Directory Entry Cache (dcache)
==============================
struct dentry_operations
------------------------
This describes how a filesystem can overload the standard dentry
operations. Dentries and the dcache are the domain of the VFS and the
individual filesystem implementations. Device drivers have no business
here. These methods may be set to NULL, as they are either optional or
the VFS uses a default. As of kernel 2.6.13, the following members are
defined:
struct dentry_operations {
int (*d_revalidate)(struct dentry *, struct nameidata *);
int (*d_hash) (struct dentry *, struct qstr *);
int (*d_compare) (struct dentry *, struct qstr *, struct qstr *);
int (*d_delete)(struct dentry *);
void (*d_release)(struct dentry *);
void (*d_iput)(struct dentry *, struct inode *);
};
d_revalidate: called when the VFS needs to revalidate a dentry. This
is called whenever a name look-up finds a dentry in the
dcache. Most filesystems leave this as NULL, because all their
dentries in the dcache are valid
d_hash: called when the VFS adds a dentry to the hash table
d_compare: called when a dentry should be compared with another
d_delete: called when the last reference to a dentry is
deleted. This means no-one is using the dentry, however it is
still valid and in the dcache
d_release: called when a dentry is really deallocated
d_iput: called when a dentry loses its inode (just prior to its
being deallocated). The default when this is NULL is that the
VFS calls iput(). If you define this method, you must call
iput() yourself
Each dentry has a pointer to its parent dentry, as well as a hash list
of child dentries. Child dentries are basically like files in a
directory.
Directory Entry Cache APIs
--------------------------
There are a number of functions defined which permit a filesystem to
manipulate dentries:
dget: open a new handle for an existing dentry (this just increments
the usage count)
dput: close a handle for a dentry (decrements the usage count). If
the usage count drops to 0, the "d_delete" method is called
and the dentry is placed on the unused list if the dentry is
still in its parents hash list.

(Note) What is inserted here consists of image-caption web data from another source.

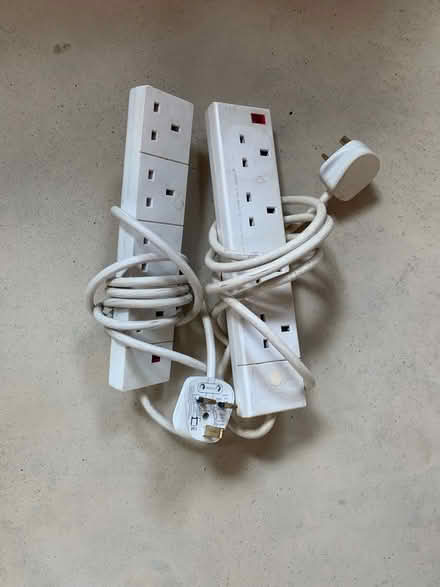 Photo of free Two 4 plug extension leads (Manor Court E10) #1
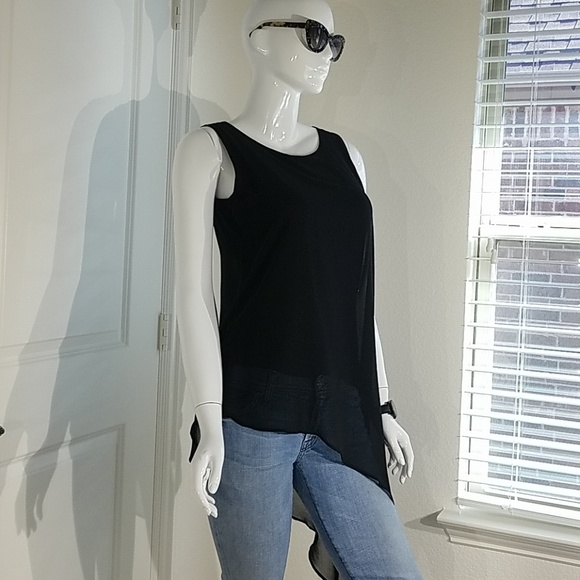 Saks Fifth Avenue Sleeveless Sheer Top - Picture 6 of 13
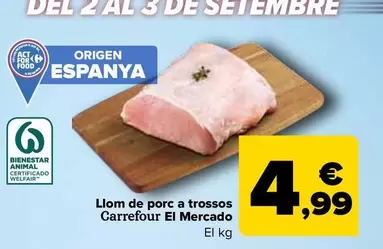 Carrefour El Mercado - Cinta De Lomo De Cerdo En Trozos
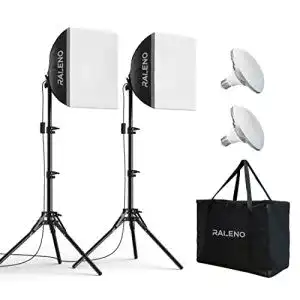 Softbox-Set RaLeno Softbox, 50 W LED Softboxen, 2 x 40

Putting the dentry on the
unused list just means that if the system needs some RAM, it
goes through the unused list of dentries and deallocates them.
If the dentry has already been unhashed and the usage count
drops to 0, in this case the dentry is deallocated after the
"d_delete" method is called
d_drop: this unhashes a dentry from its parents hash list. A
subsequent call to dput() will deallocate the dentry if its
usage count drops to 0
d_delete: delete a dentry. If there are no other open references to
the dentry then the dentry is turned into a negative dentry
(the d_iput() method is called). If there are other
references, then d_drop() is called instead
d_add: add a dentry to its parents hash list and then calls
d_instantiate()
d_instantiate: add a dentry to the alias hash list for the inode and
updates the "d_inode" member. The "i_count" member in the
inode structure should be set/incremented. If the inode
pointer is NULL, the dentry is called a "negative
dentry". This function is commonly called when an inode is
created for an existing negative dentry
d_lookup: look up a dentry given its parent and path name component
It looks up the child of that given name from the dcache
hash table. If it is found, the reference count is incremented
and the dentry is returned. The caller must use d_put()

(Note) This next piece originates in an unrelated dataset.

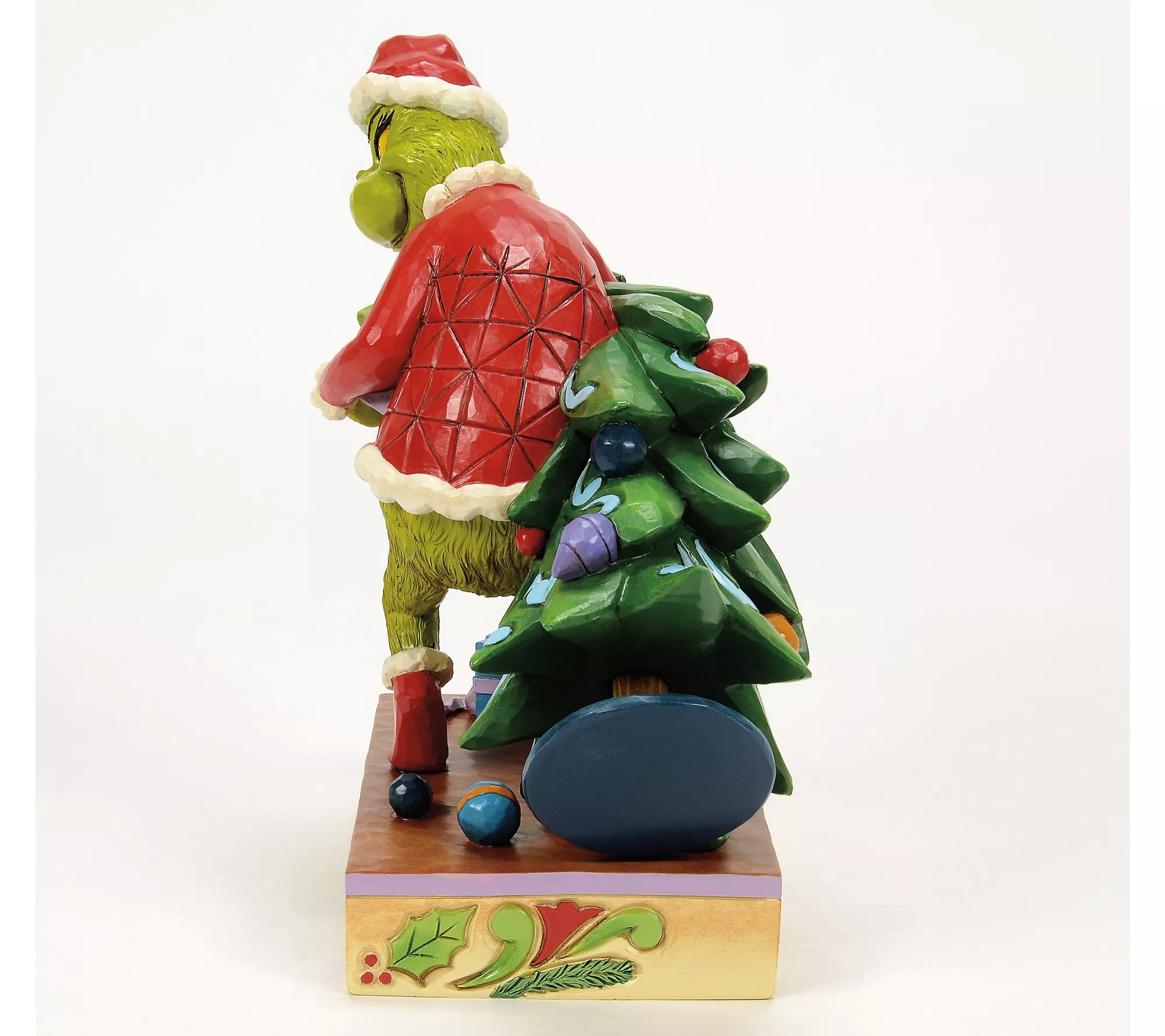 Jim Shore Grinch Carrying/Stealing Tree Figurine 7.5in H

to free the dentry when it finishes using it.
RCU-based dcache locking model
------------------------------
On many workloads, the most common operation on dcache is
to look up a dentry, given a parent dentry and the name
of the child. Typically, for every open(), stat() etc.,
the dentry corresponding to the pathname will be looked
up by walking the tree starting with the first component
of the pathname and using that dentry along with the next
component to look up the next level and so on. Since it
is a frequent operation for workloads like multiuser
environments and web servers, it is important to optimize
this path.
Prior to 2.5.10, dcache_lock was acquired in d_lookup and thus
in every component during path look-up. Since 2.5.10 onwards,
fast-walk algorithm changed this by holding the dcache_lock
at the beginning and walking as many cached path component
dentries as possible. This significantly decreases the number
of acquisition of dcache_lock. However it also increases the
lock hold time significantly and affects performance in large
SMP machines. Since 2.5.62 kernel, dcache has been using
a new locking model that uses RCU to make dcache look-up
lock-free.
The current dcache locking model is not very different from the existing
dcache locking model. Prior to 2.5.62 kernel, dcache_lock
protected the hash chain, d_child, d_alias, d_lru lists as well
as d_inode and several other things like mount look-up. RCU-based
changes affect only the way the hash chain is protected. For everything
else the dcache_lock must be taken for both traversing as well as
updating. The hash chain updates too take the dcache_lock.
The significant change is the way d_lookup traverses the hash chain,
it doesn't acquire the dcache_lock for this and rely on RCU to
ensure that the dentry has not been *freed*.
Dcache locking details
----------------------
For many multi-user workloads, open() and stat() on files are
very frequently occurring operations. Both involve walking
of path names to find the dentry corresponding to the
concerned file. In 2.4 kernel, dcache_lock was held
during look-up of each path component. Contention and
cache-line bouncing of this global lock caused significant
scalability problems. With the introduction of RCU
in Linux kernel, this was worked around by making
the look-up of path components during path walking lock-free.
Safe lock-free look-up of dcache hash table
===========================================
Dcache is a complex data structure with the hash table entries
also linked together in other lists. In 2.4 kernel, dcache_lock
protected all the lists. We applied RCU only on hash chain
walking. The rest of the lists are still protected by dcache_lock.
Some of the important changes are :
1. The deletion from hash chain is done using hlist_del_rcu() macro which
doesn't initialize next pointer of the deleted dentry and this
allows us to walk safely lock-free while a deletion is happening.
2. Insertion of a dentry into the hash table is done using
hlist_add_head_rcu() which take care of ordering the writes -
the writes to the dentry must be visible before the dentry
is inserted. This works in conjunction with hlist_for_each_rcu()
while walking the hash chain. The only requirement is that
all initialization to the dentry must be done before hlist_add_head_rcu()
since we don't have dcache_lock protection while traversing
the hash chain. This isn't different from the existing code.
3. The dentry looked up without holding dcache_lock by cannot be
returned for walking if it is unhashed. It then may have a NULL
d_inode or other bogosity since RCU doesn't protect the other
fields in the dentry. We therefore use a flag DCACHE_UNHASHED to
indicate unhashed dentries and use this in conjunction with a
per-dentry lock (d_lock). Once looked up without the dcache_lock,
we acquire the per-dentry lock (d_lock) and check if the
dentry is unhashed. If so, the look-up is failed. If not, the
reference count of the dentry is increased and the dentry is returned.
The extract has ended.